O Romance Histórico
como referencial histórico e literário na Literatura lusófona
* Por
Urda Alice Klueger
Pela vida afora defendi
que uma grande quantidade de pessoas muito gosta de História, desde que as
informações a respeito sejam dadas a elas
de maneira simples e agradável, como é o caso de boa parte dos
romances-históricos - pois os há, também, de péssima qualidade de texto e muito
duvidáveis quanto a possíveis pesquisas que o autor tenha feito para que seu
romance possa ter a classificação de "histórico".
Só vim a ter um
substrato científico para tal agir e
pensar quando, fazendo o Curso de História da Universidade desta cidade, como
aluna da grande professora Dra. Maria Luiza Renaux, tive a grata surpresa de
vê-la sugerir, como complementação ao nosso aprendizado sobre História Antiga,
a leitura de diversos romances-históricos. Está claro que ela nos aconselhava a
ler o que de melhor havia em matéria de credibilidade e texto.
Após este preâmbulo,
acho que vale falar de como o romance vai entrar na minha vida de uma forma que
vai me levar para o caminho da História, e tanto quanto me lembro, o primeiro
que me deu tal sabor e prazer foi um livro chamado "O Egípcio", de um
autor chamado Mika Waltari, que até hoje não sei de que nacionalidade é e nem
sei se pronuncio corretamente o seu nome. Foi um importante primeiro momento de
ligação Literatura/História na minha vida, e que acabou por afetá-la para
sempre.
Neste encontro, no
entanto, devemos falar sobre a Literatura Lusófona, e voraz leitora que fui
desde a alfabetização, fica difícil, para mim, lembrar e falar da grande
quantidade de autores brasileiros que devorei - quando bons - ou que detestei -
quando de pouca qualidade - mas que, de uma forma ou outra, trouxeram-me tantas
facetas deste meu imenso Brasil que nós, colonos de Blumenau até hoje, talvez
nunca tivéssemos tido notícias, na nossa ignorância um tanto quanto feudal, se
a Literatura não nos tivesse feito caminhar por seus caminhos e nos levado a
aprender milhões de coisas sobre os mais diversos pontos do Brasil, nas suas
mais diversas facetas.
Também Portugal foi
alguém que foi entrando na minha alma de colona de poucas luzes através,
principalmente, do romance, e fico a lembrar, aqui, de Júlio Dinis e "As
pupilas do senhor reitor", talvez o primeiro romance português que tenha
lido, ainda lá na infância. Era um mundo novo, que me trazia palavras e
visões inteiramente novas, e fico
pensando que foi lá que li pela primeira vez palavras como "urze",
com certeza uma vegetação de lugares onde habitam fadas e namorados, e que até
hoje eu ainda não tive a oportunidade de conhecer pessoalmente, embora já tenha
andado por aquele país.
Meu conhecimento da
Literatura portuguesa vai aumentando conforme o tempo vai passando, e
aumentando, com ele, o conhecimento sobre um Portugal que antes fora menos que
uma nebulosa, já que me criei nesta cidade na qual, naquela altura, tinha seus
olhos voltados muitíssimo mais para a Alemanha do que para o país que nos
gerou. Lembro da surpresa que foi encontrar-me com Alexandre Herculano, lá na
adolescência, e seu "Eurico, o Presbítero"! Era um mundo inteiramente
novo no qual talvez nunca tivesse entrado se não tivesse um romance que fizesse
a ponte entre eu e o quase desconhecido, ainda, Portugal!
E quanto me lembro da
emoção que foi ter entrado em contato, um dia, com o inigualável Eça de
Queiróz, em cujas águas naveguei como uma caravela em tempo de muito vento!
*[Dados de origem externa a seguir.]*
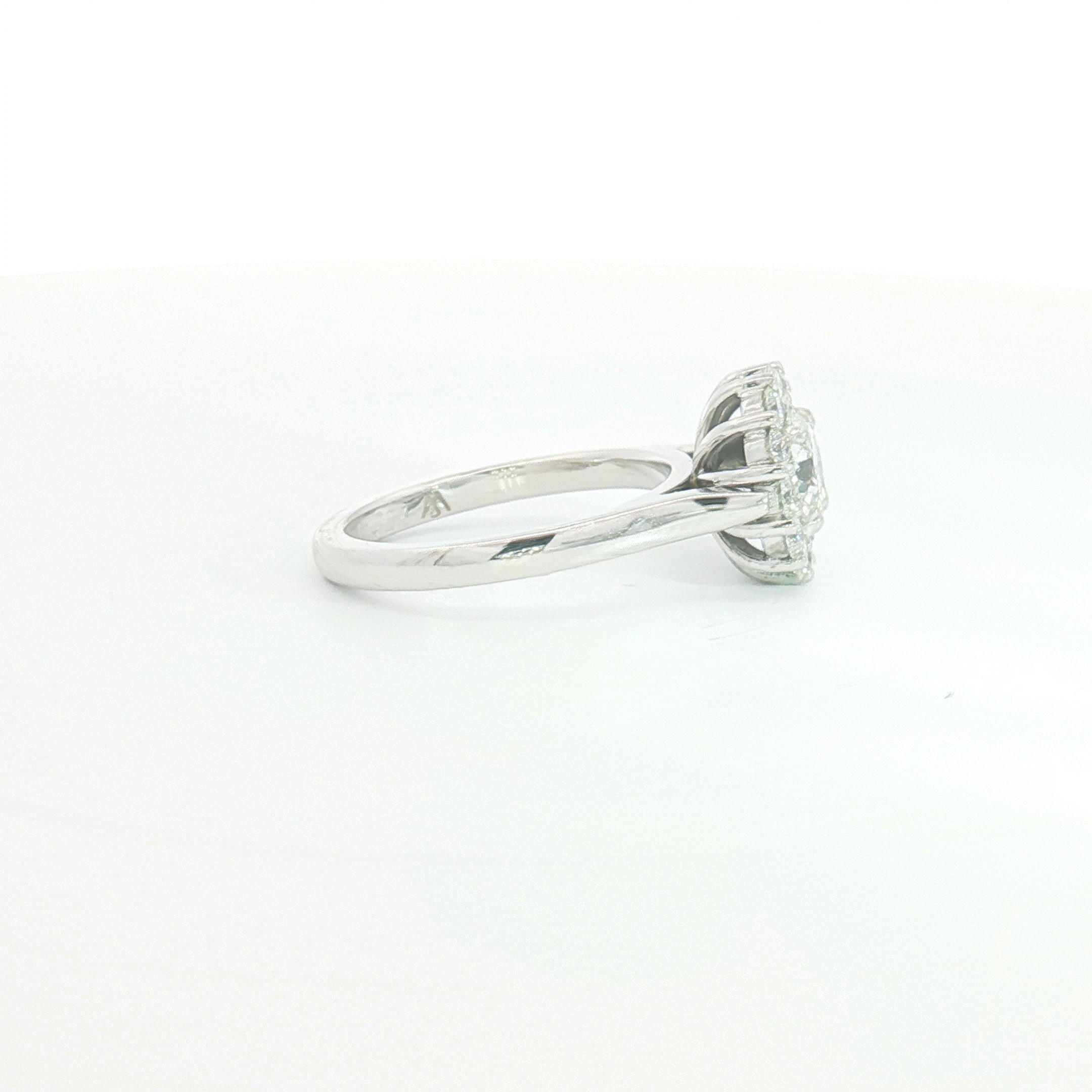18ct WG Round Diamond Halo Engagement Ring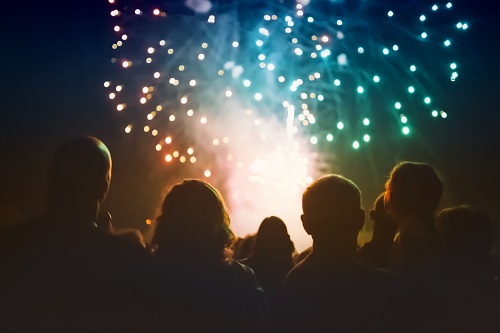 Fireworks with a crowd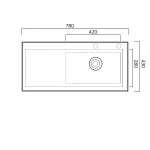 Кухонна мийка Platinum Handmade отвори, круглий сифон PLATINUM 78×43 R нержавійка (два 3,0/0,8)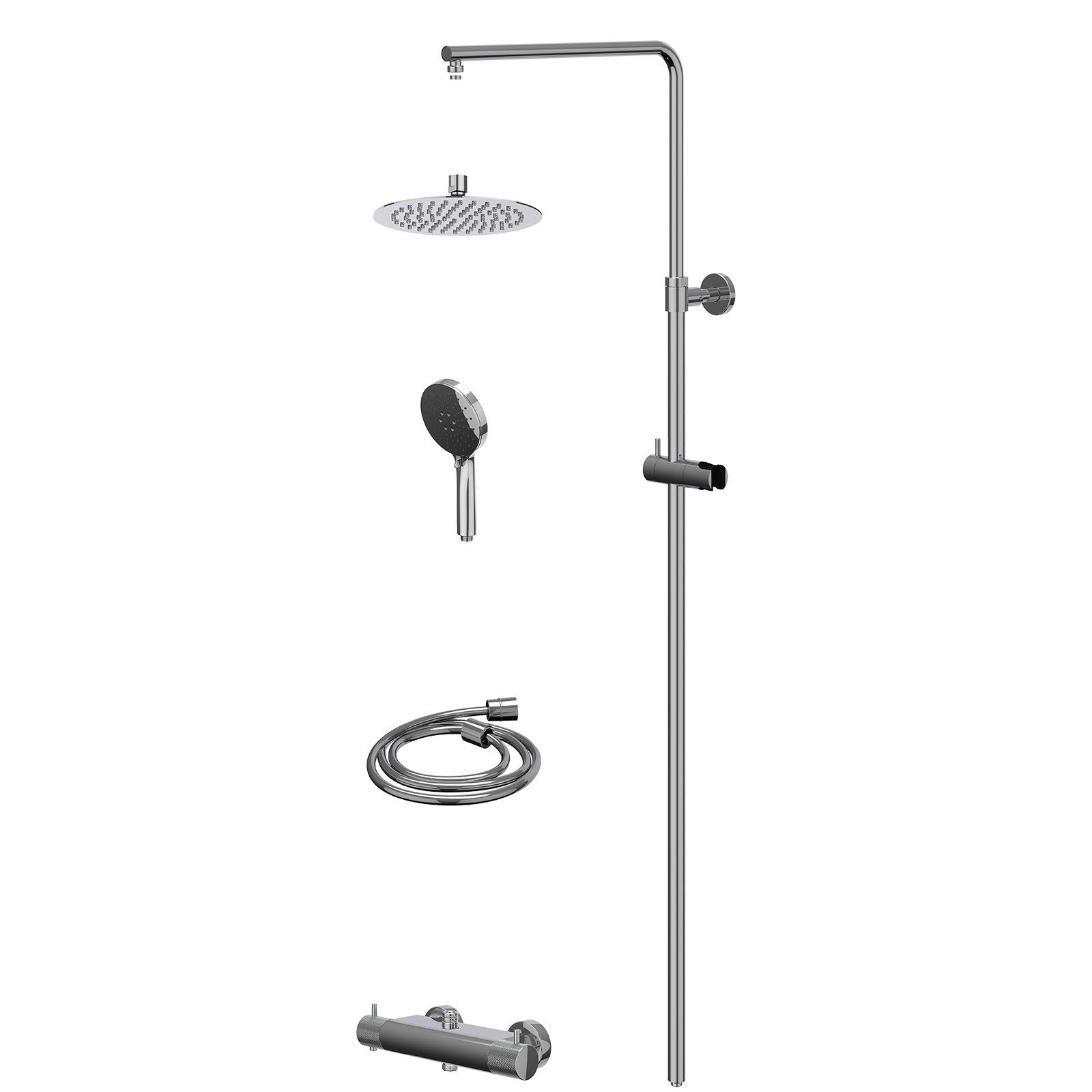 IVY Nexus Regendoucheset opbouw thermostaat - 20cm slim - 3-standen - Chroom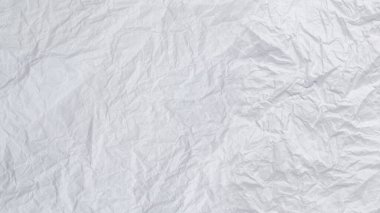 Buruşmuş beyaz kağıt arka plan. Üst Manzara. Boşluğu kopyala. 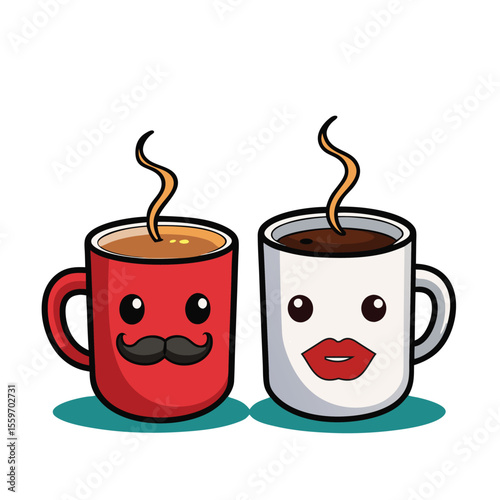 A cute cartoon two coffee cup with a smiling face, Funny vector illustration.
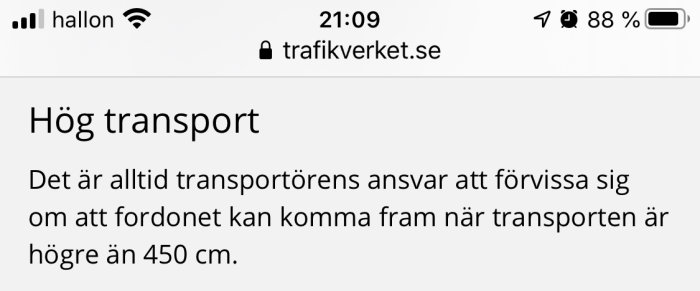 Skärmdump från Trafikverket med text om ansvar vid hög transport över 450 cm.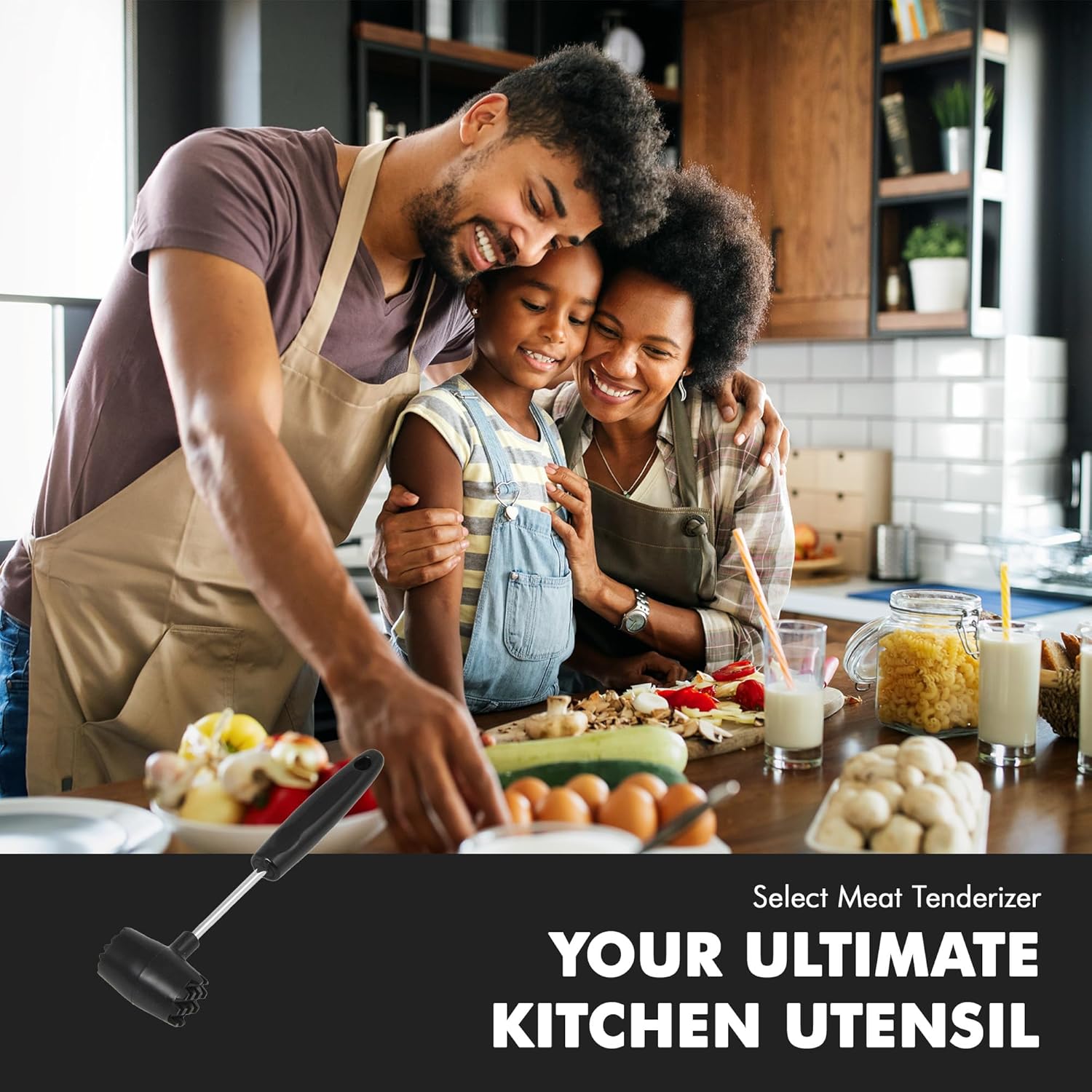 Ablandador de carne, 9.5 pulgadas, acero inoxidable color negro, Chef Craft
Penso que, mais que todos, foi o grande mestre Eça quem trouxe Portugal para a
minha vida e o meu coração - mais tarde, quando o soube embaixador, quase
sempre distante da pátria, foi que pude entender a força da saudade que o movia
para contar tão bem o seu país, a ponto de me levar a me sentir bastante
portuguesa também. Um dia, em Lisboa, diante da casa onde ele se hospedava
quando de férias na pátria, quedei-me a refletir sobre suas tantas histórias,
seus tantos personagens, a lembrar-me de episódios de "A Relíquia"...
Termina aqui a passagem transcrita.